Copertina
dell'introvabile “La monarchia e il fascismo” del saggista Mario Viana
(Candelo, 1883-Roma, 1976). |
di
Aldo A. Mola
Una
“giornata particolare”
Il 21 luglio 1923 non figura tra le
“giornate particolari”. Eppure quel giorno, nell'Aula “sorda e grigia” della
Camera dei deputati, venne decisa la storia d'Italia. La “narrazione”
privilegia eventi clamorosi. A volte li inventa. È il caso del 28 ottobre 1922,
giorno fatidico della “marcia su Roma”, che si ridusse alla sfilata di 25.000
squadristi da Piazza del Popolo alla Stazione Termini, dove sessanta treni li
riportarono alle loro terre, stanchi ma non del tutto soddisfatti. Non era il
28 ma il 31 ottobre 1922. Il governo Mussolini era già insediato. Il IV
novembre il Re rese omaggio al Milite Ignoto all'Altare della Patria e partì
per San Rossore (Pisa). Il Paese era tranquillo.
Mitologie a parte, la Storia, quella vera,
quella che “pesa”, procede a passi felpati. Chi potrebbe fermarla o deviarne il
corso spesso le lascia il varco e risulta persino assente ingiustificato. Come
accadde quel 21 luglio 1923. Quella, sì, una “giornata particolare”.

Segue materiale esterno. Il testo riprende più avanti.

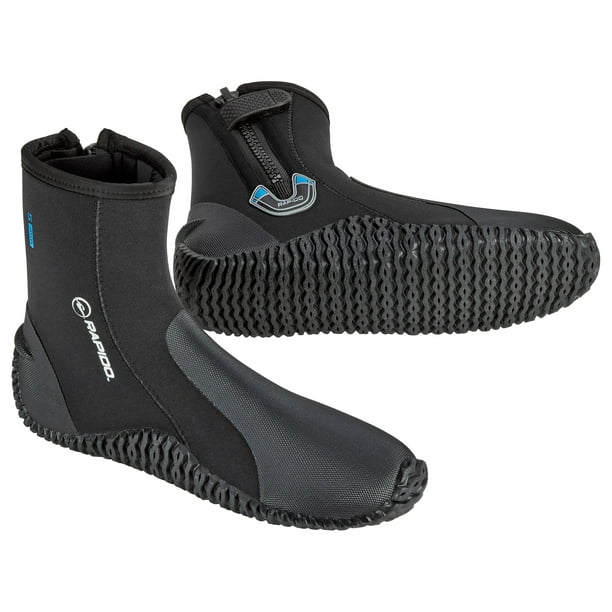 Rapido Boutique Collection Wise 5mm Neoprene Wetsuit Zipper Dive Boot ...
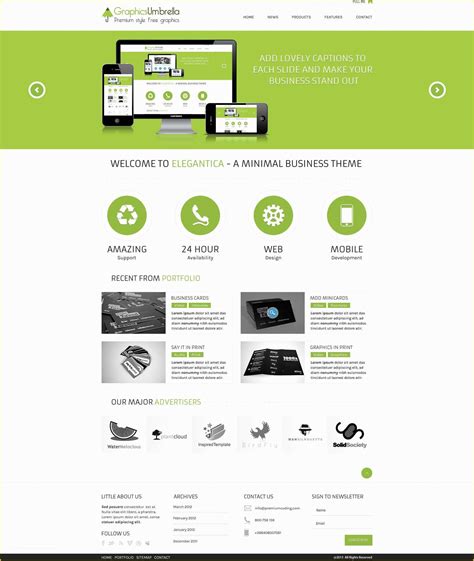 Free Photoshop Website Templates Of Psd Corporate Business Website ...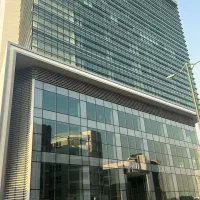 نمای شیشه ای کرتین وال پنجره آلومینیومی ترمال بریک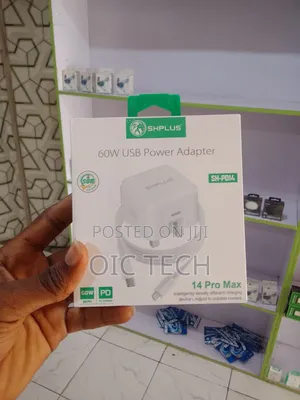 Shplus 60w Usb-C Pd Fast Charger – Power Adapter With Type-C Cable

Per comprendere quanto avvenne e le sue
ripercussioni sul ventennio seguente occorre fare un passo all'indietro. Un
mese dopo l'insediamento alla presidenza del Consiglio, Benito Mussolini fece
trapelare le sue intenzioni tramite un dispaccio diramato dall'“Agenzia
Italiana” il 6 dicembre 1922. Ottenuta la fiducia dalle Camere, il governo
progettava di sostituire il riparto dei seggi in proporzione ai voti ottenuti
dai partiti con un premio di maggioranza alla lista più votata. Mussolini,
però, era consapevole di non avere la forza numerica per farlo. Il Partito
nazionale fascista (PNF) contava appena 36 deputati su 535. Sommando i
nazionalisti (come poi avvenne a metà febbraio 1923, previa dichiarazione
d’incompatibilità tra fascismo e massoneria) ne sarebbe sorto un gruppo di 50
deputati. Del tutto insufficiente. Il duce tentò allora un'altra via. Se lo
avesse proposto alla Camera, il progetto avrebbe suscitato «un dibattito
alimentato da interessi particolari ed individuali, mettendo in chiara luce l'impossibilità
di una serena e disinteressata discussione parlamentare». Mussolini sperò
allora di imporre la riforma per decreto reale, ma Vittorio Emanuele III, re
costituzionale, rifiutò. Dovette quindi presentare un disegno di legge col
rischio di rimanere soccombente in Aula. Esso fu approntato da Giacomo Acerbo,
sottosegretario alla Presidenza del consiglio, massone. Ma la sua elaborazione
richiese tempo perché, come emerse da una seduta del Gran Consiglio del
fascismo il 17 marzo 1923, molti “ras”, come Roberto Farinacci, propendevano
per il ritorno ai collegi uninominali, in vigore sino al 1913: più sicuri per
essere eletti sulla base del controllo del territorio, ormai militarizzato
tramite le “squadre”.
Il 26 aprile il Gran Consiglio approvò a
maggioranza un «sistema maggioritario a più vaste circoscrizioni elettorali,
secondo cui la lista che otterrà il maggior numero di voti rispetto alle altre
sia dichiarata eletta per intero, ed i posti residuali ripartiti
proporzionatamente fra le altre liste». Il Gran Consiglio non indicò la soglia
che la lista prevalente doveva raggiungere, né la quota di seggi che le sarebbe
stata riservata. Meglio tenere le carte coperte per non allarmare partiti e
opinione pubblica, del resto assai ristretta perché la stragrande maggioranza
degli italiani aveva altre urgenze.
Il 9 giugno Mussolini presentò alla Camera
la legge elettorale maggioritaria, “madre di tutte le riforme”. Accantonata la
“questione istituzionale” e messa la sordina ai propositi di assalto al Senato,
di nomina regia e vitalizio, il duce mirò a ottenere un’investitura diretta
dagli elettori. Su quella base avrebbe potuto confrontarsi con il Re da una
posizione più forte. Sarebbe stato espressione della “volontà nazionale”, del
“Popolo d'Italia”, insegna del quotidiano da lui fondato all'uscita dal partito
socialista grazie a un robusto finanziamento da parte del Grande Oriente di
Francia, che aveva bisogno di un movimento “socialista” italiano a favore
dell'intervento in guerra, osteggiato dal PSI, poi arroccato sull’inconcludente
formula “né aderire, né sabotare”. Il 30 ottobre 1922, secondo la leggenda,
Mussolini aveva dichiarato al Re che gli portava l'“Italia di Vittorio Veneto”.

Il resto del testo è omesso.